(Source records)
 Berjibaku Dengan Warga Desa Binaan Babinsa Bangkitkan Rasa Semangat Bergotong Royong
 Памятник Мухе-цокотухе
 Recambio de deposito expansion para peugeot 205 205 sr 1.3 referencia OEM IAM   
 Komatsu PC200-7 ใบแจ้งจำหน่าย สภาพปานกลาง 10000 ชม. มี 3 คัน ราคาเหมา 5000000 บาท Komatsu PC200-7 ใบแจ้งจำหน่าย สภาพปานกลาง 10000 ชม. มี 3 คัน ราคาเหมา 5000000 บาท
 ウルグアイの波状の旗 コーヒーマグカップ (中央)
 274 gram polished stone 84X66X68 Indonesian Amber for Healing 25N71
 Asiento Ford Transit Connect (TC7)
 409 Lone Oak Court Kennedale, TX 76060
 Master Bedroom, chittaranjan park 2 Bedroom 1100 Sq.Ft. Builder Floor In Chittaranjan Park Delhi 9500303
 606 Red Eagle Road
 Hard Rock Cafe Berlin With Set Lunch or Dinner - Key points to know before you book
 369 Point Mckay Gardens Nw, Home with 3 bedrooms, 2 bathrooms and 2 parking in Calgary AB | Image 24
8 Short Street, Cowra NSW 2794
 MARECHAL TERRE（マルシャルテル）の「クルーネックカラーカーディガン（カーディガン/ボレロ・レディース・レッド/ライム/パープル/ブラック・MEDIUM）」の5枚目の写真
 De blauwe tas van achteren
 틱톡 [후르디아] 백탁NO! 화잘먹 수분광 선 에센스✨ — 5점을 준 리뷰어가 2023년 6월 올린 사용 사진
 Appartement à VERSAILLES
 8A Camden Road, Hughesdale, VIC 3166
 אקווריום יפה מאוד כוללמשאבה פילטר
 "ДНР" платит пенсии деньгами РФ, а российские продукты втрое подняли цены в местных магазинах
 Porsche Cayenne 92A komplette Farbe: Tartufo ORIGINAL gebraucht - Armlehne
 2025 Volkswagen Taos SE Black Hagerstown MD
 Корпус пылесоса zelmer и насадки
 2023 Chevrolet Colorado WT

* [PROBLEM TO WORK ON] The expected result is every record above, duplicated exactly.

* [ANSWER]
 Berjibaku Dengan Warga Desa Binaan Babinsa Bangkitkan Rasa Semangat Bergotong Royong
 Памятник Мухе-цокотухе
 Recambio de deposito expansion para peugeot 205 205 sr 1.3 referencia OEM IAM   
 Komatsu PC200-7 ใบแจ้งจำหน่าย สภาพปานกลาง 10000 ชม. มี 3 คัน ราคาเหมา 5000000 บาท Komatsu PC200-7 ใบแจ้งจำหน่าย สภาพปานกลาง 10000 ชม. มี 3 คัน ราคาเหมา 5000000 บาท
 ウルグアイの波状の旗 コーヒーマグカップ (中央)
 274 gram polished stone 84X66X68 Indonesian Amber for Healing 25N71
 Asiento Ford Transit Connect (TC7)
 409 Lone Oak Court Kennedale, TX 76060
 Master Bedroom, chittaranjan park 2 Bedroom 1100 Sq.Ft. Builder Floor In Chittaranjan Park Delhi 9500303
 606 Red Eagle Road
 Hard Rock Cafe Berlin With Set Lunch or Dinner - Key points to know before you book
 369 Point Mckay Gardens Nw, Home with 3 bedrooms, 2 bathrooms and 2 parking in Calgary AB | Image 24
8 Short Street, Cowra NSW 2794
 MARECHAL TERRE（マルシャルテル）の「クルーネックカラーカーディガン（カーディガン/ボレロ・レディース・レッド/ライム/パープル/ブラック・MEDIUM）」の5枚目の写真
 De blauwe tas van achteren
 틱톡 [후르디아] 백탁NO! 화잘먹 수분광 선 에센스✨ — 5점을 준 리뷰어가 2023년 6월 올린 사용 사진
 Appartement à VERSAILLES
 8A Camden Road, Hughesdale, VIC 3166
 אקווריום יפה מאוד כוללמשאבה פילטר
 "ДНР" платит пенсии деньгами РФ, а российские продукты втрое подняли цены в местных магазинах
 Porsche Cayenne 92A komplette Farbe: Tartufo ORIGINAL gebraucht - Armlehne
 2025 Volkswagen Taos SE Black Hagerstown MD
 Корпус пылесоса zelmer и насадки
 2023 Chevrolet Colorado WT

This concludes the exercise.